High school and my teenage years generally weren’t easy for me but there was always music. From my earliest memory I loved singing. I still remember clearly my first public performance. I was in Grade 2 at St. Barbara Elementary School in Scarborough, Ontario. A classmate and I sang Sitting On The Dock Of The Bay acapella — okay, admittedly the Glen Campbell version. The kids seemed to like it, though, and we did a command performance in the afternoon for the Grade 7 and 8’s. We were mini-rock stars for the day.
I was afflicted with a very clear sense of what I wanted to do when I grew up. From around age 12 or 13 I knew I wanted to be a musician. I played a guitar in my bedroom constantly. Looking back I marvel at the discipline and focus I applied to music as a kid. I bought a guitar with money I earned as a cashier at Becker’s Milk, and working as a gardener in the summer. In high school I began classical guitar lessons without fully understanding what classical guitar was all about and then immersed myself in the language of music. I went as far as the Grade Nine Royal Conservatory level. At the time I was studying Bach guitar transcriptions by day and playing in a punk rock band at night. Eventually the latter won out.

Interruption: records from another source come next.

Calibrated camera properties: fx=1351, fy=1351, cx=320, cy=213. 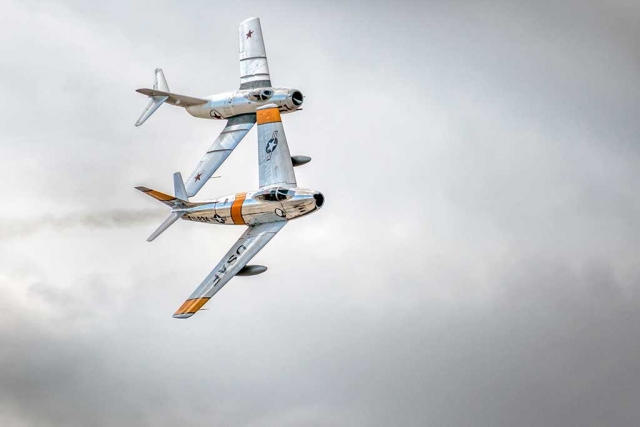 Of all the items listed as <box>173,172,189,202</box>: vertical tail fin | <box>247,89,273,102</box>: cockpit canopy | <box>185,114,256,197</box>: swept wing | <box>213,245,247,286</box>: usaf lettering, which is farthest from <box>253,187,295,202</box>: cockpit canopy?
<box>247,89,273,102</box>: cockpit canopy

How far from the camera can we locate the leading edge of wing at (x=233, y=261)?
68688 millimetres

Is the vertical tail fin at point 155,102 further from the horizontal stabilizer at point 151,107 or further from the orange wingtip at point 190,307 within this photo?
the orange wingtip at point 190,307

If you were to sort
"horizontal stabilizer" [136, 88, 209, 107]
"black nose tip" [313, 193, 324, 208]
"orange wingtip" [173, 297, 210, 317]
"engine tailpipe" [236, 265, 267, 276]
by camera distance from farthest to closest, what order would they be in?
"horizontal stabilizer" [136, 88, 209, 107], "engine tailpipe" [236, 265, 267, 276], "black nose tip" [313, 193, 324, 208], "orange wingtip" [173, 297, 210, 317]

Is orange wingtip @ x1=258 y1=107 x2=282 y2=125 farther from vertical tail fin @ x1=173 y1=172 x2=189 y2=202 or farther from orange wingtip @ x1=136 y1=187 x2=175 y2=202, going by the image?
orange wingtip @ x1=136 y1=187 x2=175 y2=202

Musical instruction is a discipline with an end goal, to impart in your children a love of music and enough facility to play throughout their adult lives. It’s much the same as hockey: the point is not really to produce an NHL star, but to encourage athletic challenge and a lifelong appreciation and ability to play the sport. I have more fun playing hockey today than I ever did as a kid.
Music training is intense; complaints of childhood piano lessons are not uncommon. It’s hard, and success can’t be achieved without work. I laugh when people say, “I’ll sing back-up and play tambourine in your band!” Singing harmonies and keeping rhythm on a tambourine are difficult. Even the simplest assignments in music take time and focus to master for most people. You see the point: music education teaches children much more than just music.This is why it is so important to maintain music programs in schools.

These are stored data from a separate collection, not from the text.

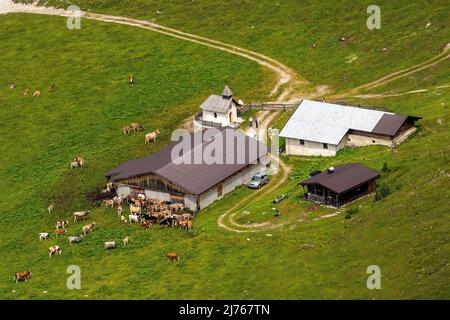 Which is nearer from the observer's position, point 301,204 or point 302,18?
point 301,204

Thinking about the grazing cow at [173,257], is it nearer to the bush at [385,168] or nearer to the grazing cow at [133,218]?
the grazing cow at [133,218]

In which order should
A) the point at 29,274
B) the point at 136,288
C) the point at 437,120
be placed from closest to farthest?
1. the point at 136,288
2. the point at 29,274
3. the point at 437,120

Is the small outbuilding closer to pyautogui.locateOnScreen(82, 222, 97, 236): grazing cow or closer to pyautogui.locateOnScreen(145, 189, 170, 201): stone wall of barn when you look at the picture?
pyautogui.locateOnScreen(145, 189, 170, 201): stone wall of barn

Do all children need to be taught the canon of classical music? I don’t think so. It doesn’t matter what the song is, so long as it connects to the student. Music is a natural reflex for human beings; we naturally need to sing, and should. Music brings us together as families and communities. What is a karaoke bar but a modern version of people joining in the living room to sing around the piano?
I have an older son who is now a musician, and three younger children who are just about to start on their own journeys. I hope their experience of music will be positive and enriching one as it has been for me.
(Editor’s note: the author is former New Democrat MP for Davenport, Ont., a composer and musician, and former recording artist with Island Records)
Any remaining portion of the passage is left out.